Namaste is definitely a Blue State sort of outfit. It is worker owned. It is alternative. It took its name from a Sanskrit greeting meant to convey a spirit of interconnectivity and widely used in yoga studios. It's not your normal Chamber of Commerce company. By the way, Jones used to work for Halliburton. In a way, he represents the change the nation has gone through, from Bush-Cheney to Obama, from Halliburton to Namaste.
Each of Namaste's 27 co-owners receives the same compensation, has equal voice in decision-making, and is afforded the same opportunities to participate in company ownership, says Namaste president Blake Jones, who reluctantly adopted his title to give customers and the media a sense of company leadership....
Namaste staff members have the option to pay into the company to become co-owners, and the company offers low-interest, short-term loans for this purpose. To date, no one has declined the co-ownership opportunity.

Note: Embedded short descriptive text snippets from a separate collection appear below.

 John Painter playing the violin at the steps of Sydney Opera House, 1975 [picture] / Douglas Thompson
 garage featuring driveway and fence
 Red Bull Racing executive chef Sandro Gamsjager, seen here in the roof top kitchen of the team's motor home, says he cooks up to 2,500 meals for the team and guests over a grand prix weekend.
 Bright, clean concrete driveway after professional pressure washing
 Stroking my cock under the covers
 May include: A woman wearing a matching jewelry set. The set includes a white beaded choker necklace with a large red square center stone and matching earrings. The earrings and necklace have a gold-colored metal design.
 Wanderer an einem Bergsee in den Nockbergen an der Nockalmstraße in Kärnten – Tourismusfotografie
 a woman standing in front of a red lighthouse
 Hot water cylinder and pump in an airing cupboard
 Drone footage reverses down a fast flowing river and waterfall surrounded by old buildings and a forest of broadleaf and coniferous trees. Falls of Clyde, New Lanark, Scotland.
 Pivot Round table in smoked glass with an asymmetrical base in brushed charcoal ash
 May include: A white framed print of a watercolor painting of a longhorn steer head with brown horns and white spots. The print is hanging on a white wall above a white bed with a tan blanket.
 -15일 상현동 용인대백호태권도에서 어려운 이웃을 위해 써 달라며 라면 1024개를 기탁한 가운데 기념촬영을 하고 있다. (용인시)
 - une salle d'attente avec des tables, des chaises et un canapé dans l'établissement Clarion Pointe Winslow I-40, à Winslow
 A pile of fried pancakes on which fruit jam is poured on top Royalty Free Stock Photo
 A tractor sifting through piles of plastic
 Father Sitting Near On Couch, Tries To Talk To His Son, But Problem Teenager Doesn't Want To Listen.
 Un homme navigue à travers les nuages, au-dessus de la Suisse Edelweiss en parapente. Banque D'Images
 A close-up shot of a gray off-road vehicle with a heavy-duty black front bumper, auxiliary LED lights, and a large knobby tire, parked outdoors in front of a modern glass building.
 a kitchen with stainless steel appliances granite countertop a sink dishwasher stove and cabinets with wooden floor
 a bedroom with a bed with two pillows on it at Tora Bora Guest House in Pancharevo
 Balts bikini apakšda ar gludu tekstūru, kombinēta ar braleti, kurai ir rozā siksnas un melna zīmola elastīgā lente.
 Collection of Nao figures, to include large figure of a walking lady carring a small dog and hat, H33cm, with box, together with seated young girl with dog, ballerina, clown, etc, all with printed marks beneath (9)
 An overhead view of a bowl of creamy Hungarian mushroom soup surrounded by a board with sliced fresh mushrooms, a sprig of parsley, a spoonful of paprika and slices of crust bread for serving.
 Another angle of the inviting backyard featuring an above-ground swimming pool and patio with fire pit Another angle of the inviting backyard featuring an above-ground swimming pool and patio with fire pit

"We want everyone to be owners from day one and to know what it's like in all aspects of the business, including the burdens," Jones says. "Since we are all masters, we decide what happens with our profits, dividends, bonuses and investments. We make the 'big picture' decisions each week in a three-hour meeting."
From an interview The Daily Green conducted with Jones:
Where did your progressive company model come from?
When three of us started Namaste Solar Electric, we were wondering if people would think it was harebrained. We don't have a blueprint, and in many ways we are a business experiment. We wanted to do things differently — the majority have worked, while some haven't. We attracted a superstar team passionate about solar and doing business in a different way.
We look at profit and things holistically. But even if you only measure profit conventionally, we are number one in Colorado, and have installed twice as many systems as anyone else. We want to prove that this concept works, and that by measuring your business holistically you will contribute to a great bottom line.
From an interview Jones did with Lime.com:
LIME: You've gone from working for Halliburton to building renewable energy projects in Nepal to installing PV panels in Boulder, Colorado. Tell us a little bit about how you got where you are. Why did you leave the oil industry for the renewables industry?
BLAKE JONES: It was interesting to go to the complete opposite side of the fence. When I graduated from college, I was so excited to go to Halliburton and get into oil and natural gas, because I thought oil and gas made the world go round. While I still think oil and gas are fine, and they do make the world go round, the imbalance of power they create—too much political power, too much economic disparity between countries—can't be sustained. We need a better-balanced portfolio. So I looked around and saw there were a bunch of new renewable energy technologies out there, and that's where I wanted to go.
Jones and Namaste are certainly part of Obama America. It was rather fitting--and telling--that they played a role in the president's first big win.